Se lo ve disconforme con ciertas ideas vigentes. Se lo digo. “La gente como yo, que se formó en la cultura rock, equivocados o no, lo hacíamos en serio. Hay un montón de cosas que hoy están de moda, frases ingeniosas como que uno está en esto para seducir mujeres, o que no hay que tomarse las cosas demasiado en serio, o que una canción no cambia el mundo. Por supuesto que una canción no cambia el mundo, pero hubo canciones que cambiaron mi mirada del mundo. Y como soy constructivista pienso que, si cambiaron mi mirada, el mundo efectivamente cambió. Por otro lado eso de las mujeres quizá sea una frase ingeniosa, pero me parece reducir el rol del artista a una especie de estupidez. No tomarse en serio a uno mismo probablemente sea el impulso de los teenagers de hoy, pero cuando yo era joven me tomé muy en serio la cultura rock. Todas las experiencias que hice pretendían ampliar el campo de la conciencia. Ahora estoy a la espera de cambios rotundos que provoquen otra música de fondo. Es la única manera en que acepto este vaciamiento. Me aburre la postura de los artistas de hoy, al menos la de aquellos que han aceptado la mirada posmoderna. Porque yo creo que para que la vida tenga una pulsión, la gente tiene que tener ideales”. ¿No advierte en la sociedad alguna forma de resistencia? “Sé que en los nervios de los jóvenes hay más información de futuro que en la experiencia que yo tengo. Desgraciadamente, esta pauperización que vivimos los transforma en seres bastante más primitivos que los que éramos nosotros de jóvenes. Pero quizá esta especie de vaciamiento cerebral que nos están haciendo sea la antesala de una sociedad… virtual. Siempre estoy esperando lo mejor. No soy escéptico, tengo la esperanza de que algo venga a renovar el espíritu vital. Por más que la cultura hoy esté confirmándome, yo quiero saltar por encima de ella. No quiero ser un tradicionalista: si el rock no muere nunca, esto va a ser un aburrimiento”.
Lo dice la estrella de rock más importante de la Argentina. Suena el teléfono, atiende. Aprovecho para mirar alrededor. Detrás de la puerta hay una gran foto enmarcada que lo muestra al pie de las escaleras que conducen al baño del mítico reducto neoyorquino de rock CBGB. Allí, entre otros, debutaron The Ramones. El Indio vuelve, se sienta, casi sin gesticular sigue demoliendo mitos. “Abandoné la bohemia hace rato, empiezo el día muy temprano. Me levanto a las cinco y media de la mañana. He descubierto que ése es el momento en el que estoy más lúcido. Cuando me mudé para acá me pasaba toda la noche tomando whisky y jugando al pool. El canto de los pájaros, al otro día, era una molestia. Y entonces hice un cambio, en el que influyó también el nacimiento de mi hijo. Me di cuenta que mi vida ya no significaba lo mismo. Descubrí una alternativa de lucidez, a la mañana, despertándome a esta hora. A eso de las ocho ya estoy en una buena actitud, que por lo general dura hasta el mediodía”. ¿Cuál es su método de trabajo?“Trabajar todo el tiempo. La casualidad ayuda a las mentes dedicadas”.

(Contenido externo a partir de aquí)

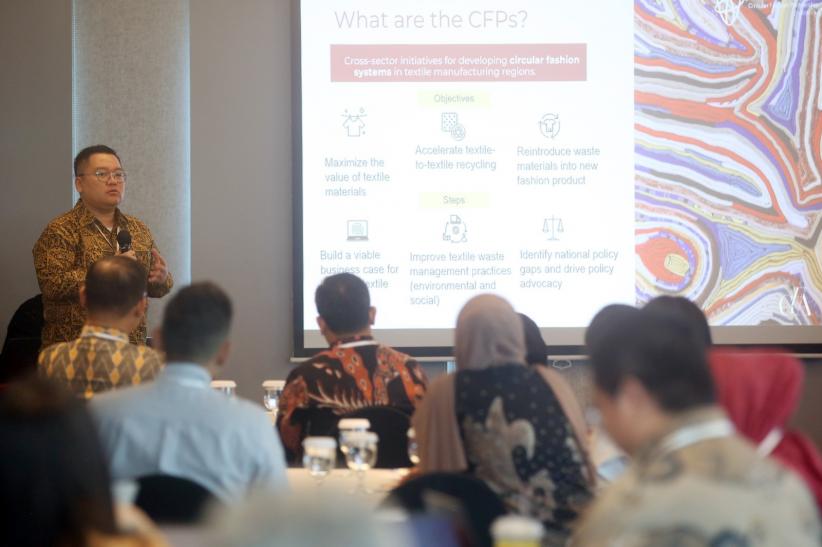 Pertemuan Pemerintah hingga Akademisi Bahas Daur Ulang Limbah Tekstil - Bagian 2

Nos preparamos para escuchar su disco. “¿Te molesta si me recuesto en el sillón?”, pregunta, y se echa pasando uno de los brazos por debajo de la cabeza. Enciende el equipo de audio, lleva el volumen al máximo. El disco abre con un sonido que simula una grabación en directo. Van pasando las canciones. El track 9 se llama “Pabellón séptimo”, y su letra es una crónica carcelaria, de una crudeza que no se suele frecuentar la pluma de Solari: “Me asfixio Dios/ Pienso en mi cara…se está quemando ahora mi cara ¡Dios! / Una explosión y los colchones se prenden fuego y nos quemamos vivos/ Quiero salir, quiero escapar, las puertas siguen encerrojadas/ El pabellón, en un segundo, se nubló todo y ya no vemos nada más”. Solari, por primera vez, se queda en silencio. Y explica. “La canción es una crónica de un hecho real que sucedió en 1978. Una masacre de presos comunes en la cárcel de Villa Devoto. Ahí murió un amigo mío… si había alguien que no tenía que estar ahí era él. Tenía un problema psíquico, lo engancharon en la casa de una novia, con unas tabletas de ácido lisérgico, y lo metieron en un pabellón cualquiera. Un día hubo una revuelta y los masacraron a todos. Sé que la letra, en este momento en que se habla tanto de los secuestros y se exige seguridad a cualquier precio, es algo políticamente incorrecto. Pero bueno, yo siempre dije que todo preso es político. Y hay lugares donde la sociedad tiene que ver el grado de horror que es capaz de producir. Me ha tocado visitar cárceles, tengo amigos en el cielo y el infierno: hay allí un horror permanente. Sin tomar en cuenta que eso marca de movida la imposibilidad de la resocialización de nadie que entre ahí. No se puede combatir el canibalismo comiéndose al caníbal, no está bien que el Estado haga eso. La represión nos transforma a todos en pares de aquellos que cometen crímenes”.
Han pasado cuatro horas de entrevista. El Indio se levanta. Dejamos su oficina y salimos al exterior, donde el sol del mediodía cae recto. La personalidad más destacada y enigmática del espectáculo argentino de las últimas décadas se despide con un beso, da media vuelta, desaparece en su casa. Por delante se abren quién sabe cuántos años de futuro silencio público. En mi cabeza resuena una de las frases más bellas del disco: “Si no hay amor que no haya nada entonces, vida mía, no vas a regatear”. Toda una declaración de principios, para este principio de siglo.